These volcanoes come in a variety of forms. Most are either Large Shields or Smaller Shield volcanoes, but there are also many Complex Features, several Unusual Constructs, and a few Large Flow Features. None is known to be active at present, but our data is very limited. Thus, while most of these volcanoes are probably long dead, a few may still be active.

Locations after Head et al. (1992) J. Geophys. Res. 97, 13153.
Base map is Magellan topography data, available at NASA's JPL.

Background

• First, since the atmosphere is mostly CO2, Venus has an extreme Greenhouse Effect. In fact, the surface temperature on Venus is about 470!C (about 880!F). Further, the surface air pressure on Venus is about 90 times greater than that at sealevel on Earth. This is roughly equivalent to the WATER pressure on Earth one kilometer beneath the ocean's surface. These surface conditions have two effects. (1) There is no water on the surface of Venus. Indeed, there is almost no water in the air, either. The clouds are mostly made of sulfuric acid and they are much, much higher than most clouds on the Earth. (2) Due to the high atmospheric pressure, the winds on Venus are also relatively slow. Thus, neither wind nor rain can really affect the surface on Venus. As a result, volcanic features will look freshly formed for a long time.

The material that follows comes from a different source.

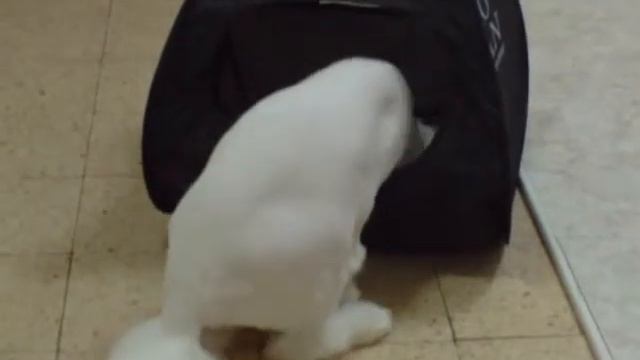 Кот Пендель ДО и ПОСЛЕ стрижки смотреть онлайн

• Second, Venus shows no evidence for plate tectonics. There are no long, linear volcano chains. There are no clear subduction zones. Although rifts are common, none look like the mid-ocean ridges on Earth. Also, continent-like regions are rare, and show none of the jigsaw fits seen on Earth. Thus, where volcanism on Earth mostly marks plate boundaries and plate movements, volcanism on Venus is much more regional and much less organized.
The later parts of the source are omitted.